The Industrial & Specialty Products segment experienced a 21% sequential increase in contribution margin as sales volumes increased 21%, spurred by stronger demand from several key industrial end markets such as glass, housing and automotive. Contribution margin also benefited by $2.4 million from the remeasurement of operating leases associated with the Company's fleet of rail cars.

In the third quarter, U.S. Silica executed a new supply agreement with a leading global biopharma company and gained momentum with additional trials for its blood plasma filtration product line. The Company is proud to announce it was awarded the 2020 Supplier of the Year by one of its key industrial customers, a leading multinational building products company.

Oil & Gas

  • Revenue of $66.3 million for the third quarter of 2020 compared with $72.5 million in the second quarter of 2020, down 8% sequentially and down 73% from the third quarter of 2019.
  • Tons sold of 1.282 million for the third quarter of 2020 compared with 1.112 million tons sold in the second quarter of 2020, up 15% sequentially and down 67% from the third quarter of 2019.
  • Segment contribution margin of $31.5 million, or $24.55 per ton, for the third quarter of 2020 compared with $26.2 million in the second quarter of 2020, up 20% sequentially and down 38% from the third quarter of 2019.

In the Oil & Gas segment, the Company sold 1.282 million tons in the third quarter, up 15% from the prior quarter, led by a sequential improvement in frac activity and well completions. Contribution margin for the segment improved 20% sequentially to $31.5 million, driven primarily by cost reduction measures including an $18.2 million benefit from the remeasurement of rail leases and higher volumes, partially offset by lower shortfall penalties recorded during the quarter.

SandBox loads increased 74% during the quarter, as key customers in several basins ramped up their pace of well completions and added more frac crews.

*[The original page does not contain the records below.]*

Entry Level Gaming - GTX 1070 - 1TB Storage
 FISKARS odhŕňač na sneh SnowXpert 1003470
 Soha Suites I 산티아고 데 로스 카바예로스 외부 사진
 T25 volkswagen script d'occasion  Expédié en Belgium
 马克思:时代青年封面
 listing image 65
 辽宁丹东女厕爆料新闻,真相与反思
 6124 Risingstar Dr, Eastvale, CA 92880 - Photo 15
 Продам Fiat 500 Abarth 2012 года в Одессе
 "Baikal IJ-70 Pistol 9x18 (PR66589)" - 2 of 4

During the quarter, the Oil & Gas segment was awarded two new contracts, one with a leading oilfield services provider and one with an E&P in the Northeast.

Capital Update

As of September 30, 2020, the Company had $134.9 million in cash and cash equivalents and $49.6 million, including $25.4 million allocated for letters of credit, available under its credit facilities. Total debt outstanding under our credit facilities as of September 30, 2020 was $1.263 billion.

Capital expenditures in the third quarter totaled $4.5 million and were mainly related to growth capital projects at U.S. Silica's Millen, GA, and Columbia, SC, industrial facilities, as well as maintenance spending and cost improvement projects across the network. The Company's forecast of capital expenditures for the full year 2020 is approximately $30.0 million, unchanged from the previous guidance and 75% lower than 2019 capital expenditures of $118.4 million.

Outlook  and Guidance

In the Industrial and Specialty Products segment, the Company forecasts fourth quarter volumes to decline 5%-10% sequentially due to the typical seasonality in that business. Excluding the third quarter benefit from the remeasurement of railcar leases, the segment's contribution margin is expected to decline by roughly 10%, in line with the typical seasonal decline seen in past years.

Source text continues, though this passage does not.